Data below →
BEGIN
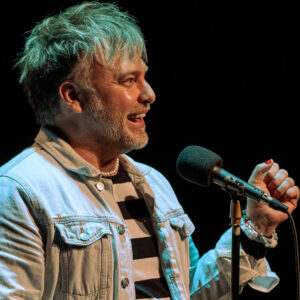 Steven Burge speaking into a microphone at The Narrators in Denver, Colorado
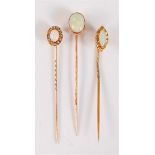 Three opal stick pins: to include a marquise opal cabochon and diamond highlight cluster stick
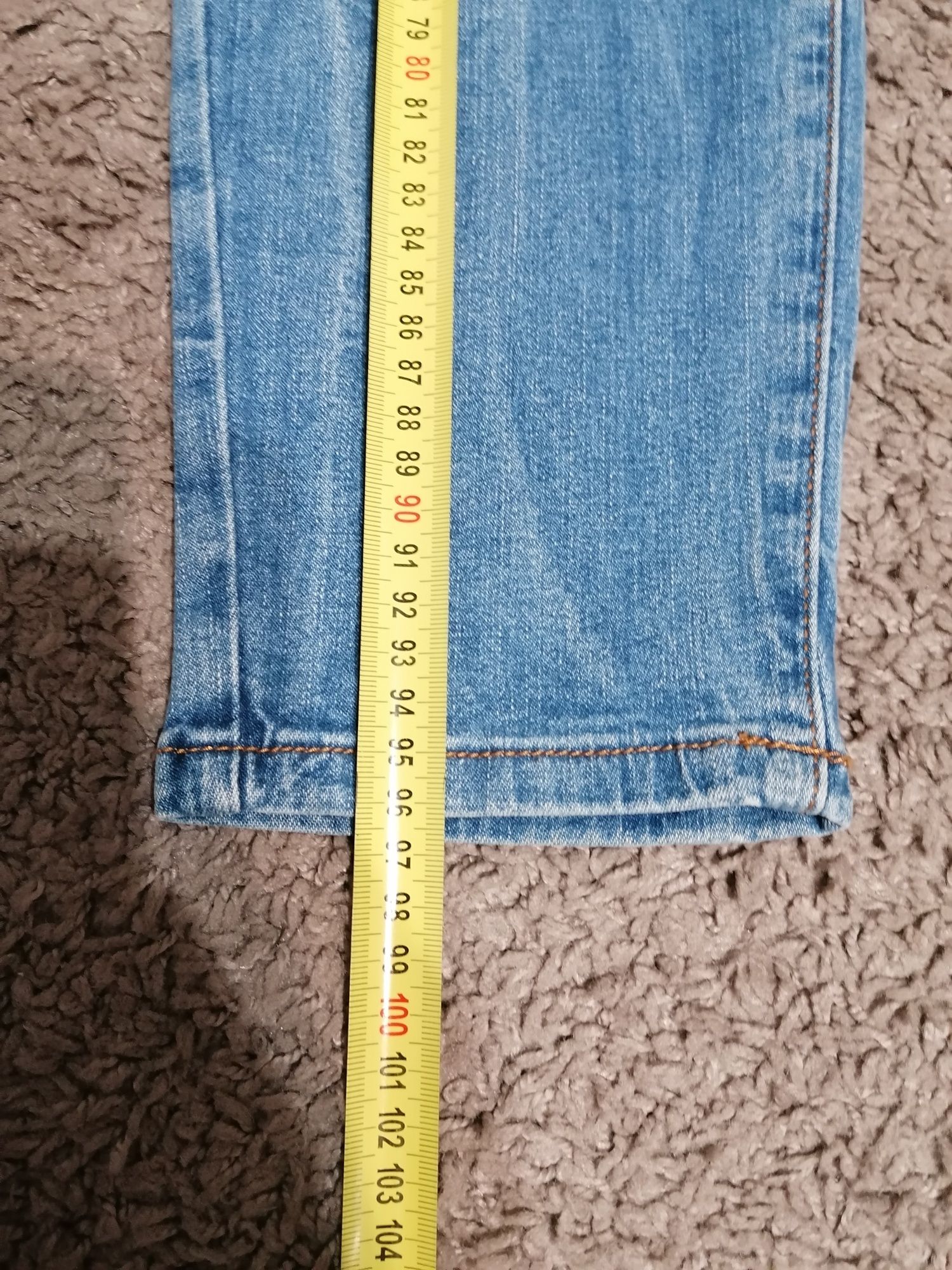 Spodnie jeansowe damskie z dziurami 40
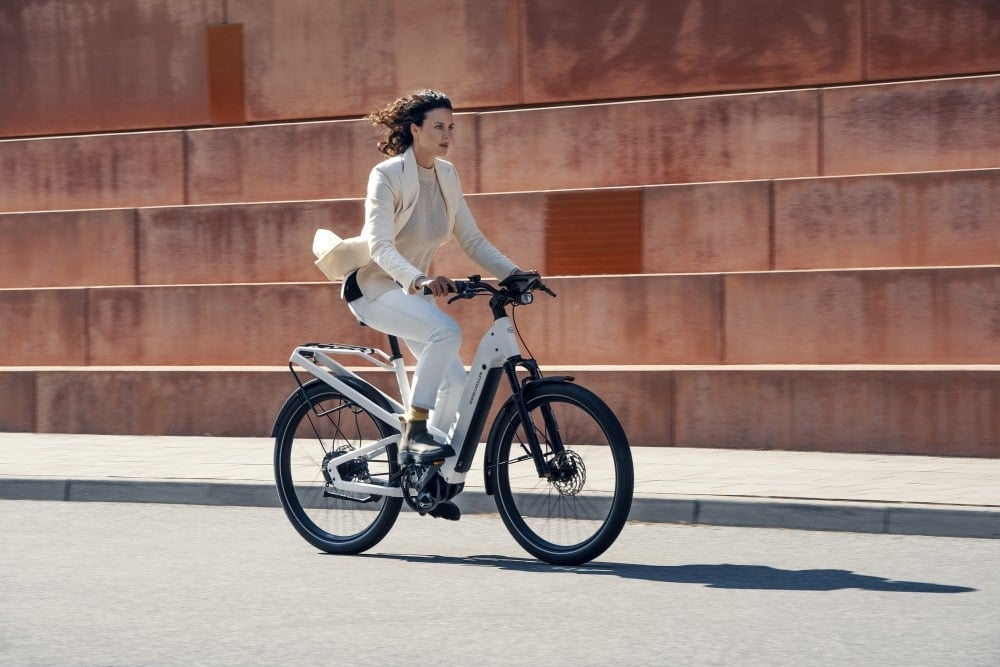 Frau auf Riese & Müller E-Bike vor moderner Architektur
END
Task goal →
Since the pictures are not wanted, repeat only the rest of the material, exactly as given.

Answer to this exercise →
 Steven Burge speaking into a microphone at The Narrators in Denver, Colorado
 Three opal stick pins: to include a marquise opal cabochon and diamond highlight cluster stick
 Spodnie jeansowe damskie z dziurami 40
 Frau auf Riese & Müller E-Bike vor moderner Architektur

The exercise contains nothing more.